Perfectly prescient beings might be able to go about risk management that way, but not us. When projects go awry, they often do so at or near the midpoint, so that’s where risk management needs to be particularly active. The cause of problems almost always arises earlier than that, but the perception of the problems begins around mid-project: The early project activities seem to have gone swimmingly, and then everything falls apart. This is a project stage that we might label Comeuppance: the revisiting upon us of our past sins, including poor planning, overlooked tasks, imperfectly nurtured relationships, hidden assumptions, overreliance on good luck, and so on.

In this chapter, we address the role of risk management at and around the Comeuppance period, through to the end of the project.

Risk Management from Comeuppance On

Here is our quick list of risk management activities that need to be kept active through the project’s middle stages and on, all the way to the end:

1. continuous monitoring of transition indicators, looking for anything on the risk list that seems close to switching from Only An Ugly Possibility to Legitimate Problem

2. ongoing risk discovery

3. data collection to feed the risk repository (database of the quantified impact of past observed problems)

4. daily tracking of closure metrics (see below)

Items 1 and 2 were treated in Chapters 9 and 14 and will not be described further here. Items 3 and 4 both have to do with metrics: quantitative indications of project size, scope, complexity, and state. These metrics are the subject of this chapter and the next.

Closure Metrics

We’ve used the phrase closure metric here to refer to a particular class of state metric, one that indicates the state of project completeness. A perfect closure metric (if only some perfect ones existed) would give you a firm 0-percent done indication at the beginning of the project and a 100-percent done indication at the end. In between, it would provide monotonically increasing values in the range of zero to one hundred. In the best of all worlds, postmortem analysis of the project would later conclude that the value of the perfect closure metric at each stage of the project had been a clean and clear predictor of time and effort remaining.

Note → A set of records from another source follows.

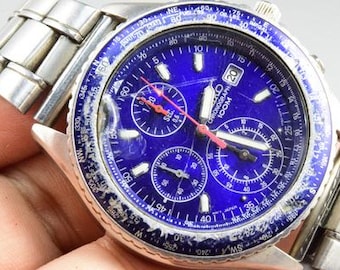 ヴィンテージ セイコー クロノグラフ 7T92 0CF0 ブルーダイヤル メンズ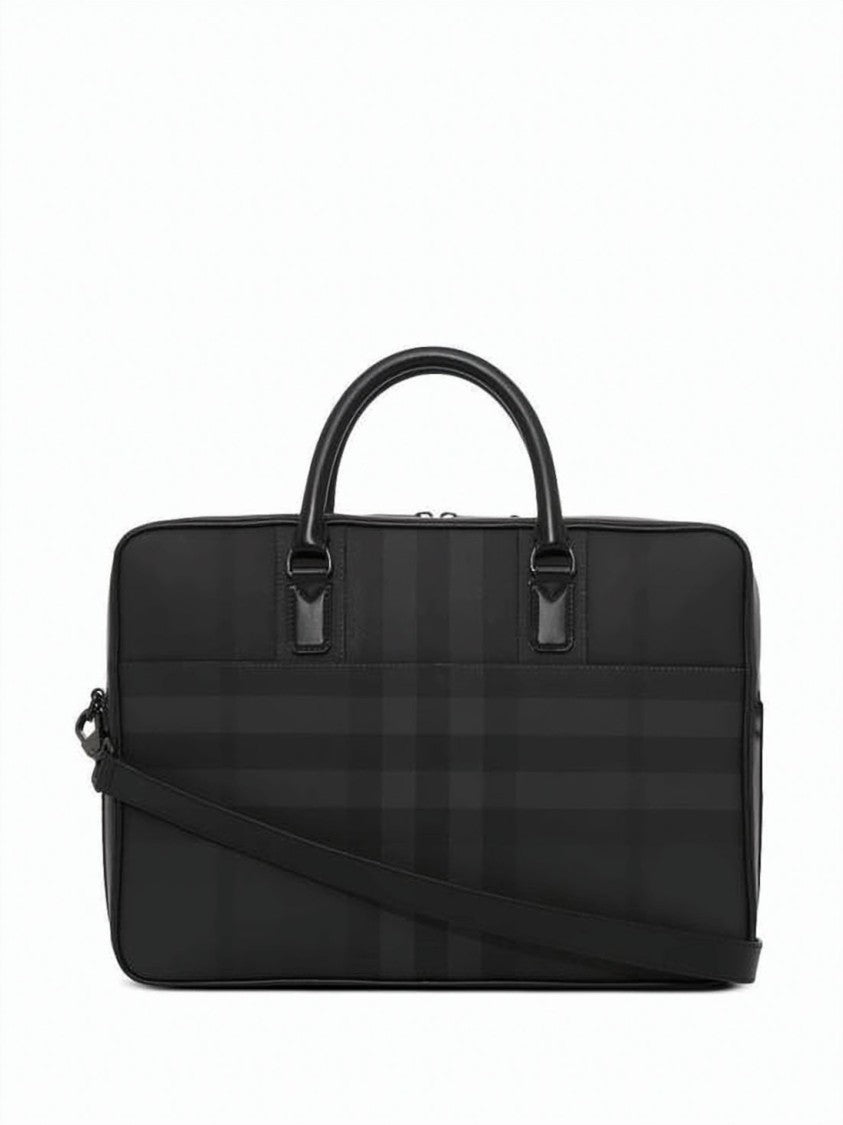 Burberry Structured Briefcase With Subtle Check Pattern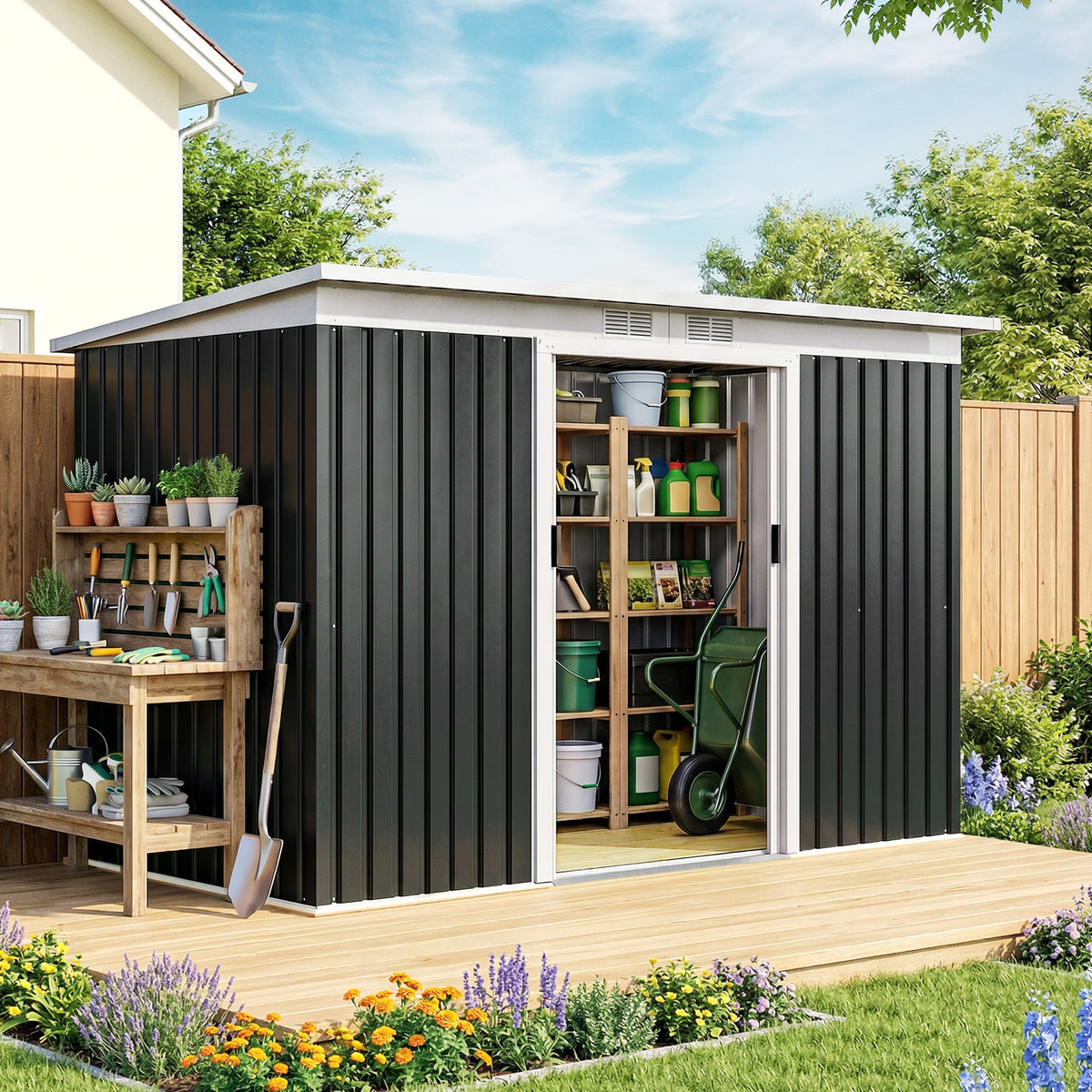 9' x 4' Garden Metal Storage Shed Outdoor Equipment Tool Box with Foundation Kit, Ventilation & Doors – Dark Grey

Granted, there are no perfect closure metrics, but there are some imperfect ones that can be incredibly useful. Two that we advocate are

• boundary elements closure

• earned value running (EVR)

These metrics give us a way to monitor the five core risks that we laid out in Chapter 13. The first is a metric to protect specifically against the core risk of specification breakdown. And the second is a general indicator of net progress, used to track the impact of the other four core risks.

Boundary Elements Closure

A system is a means of transforming inputs into outputs, as shown in the following diagram:

Image

This is a fair description, whether the system we’re talking about is a government agency, an accountancy firm, a typical IT system, the human liver or spleen, . . . essentially anything that we’re inclined to call “a system.”

IT systems are different in this sense: They are transformations of data inputs into data outputs. Traditionally, the business of specifying such systems has focused almost entirely on defining their transformation rules, the policies and approaches the system must implement in converting its inputs into outputs. Often overlooked in the specification process is a rigorous and detailed description of the net flows themselves, in and out. There are some compelling reasons for this omission: The work of defining these flows tends to be viewed as a design task, something left for the programmers to work on at a later stage. And it can also be time-consuming. Delaying the full definition makes good sense for projects that are destined to succeed, but there is a set of less fortunate projects in which detailed definition of the net flows will never succeed because it will call into stark relief certain conflicts in the stakeholder community. The existence of these flawed projects causes us to push the activity of net-flow definition backward in the life cycle, making it an early project deliverable. Our intention is to force conflict to surface early, rather than allow it to be papered over in the early project stages, only to crop up later.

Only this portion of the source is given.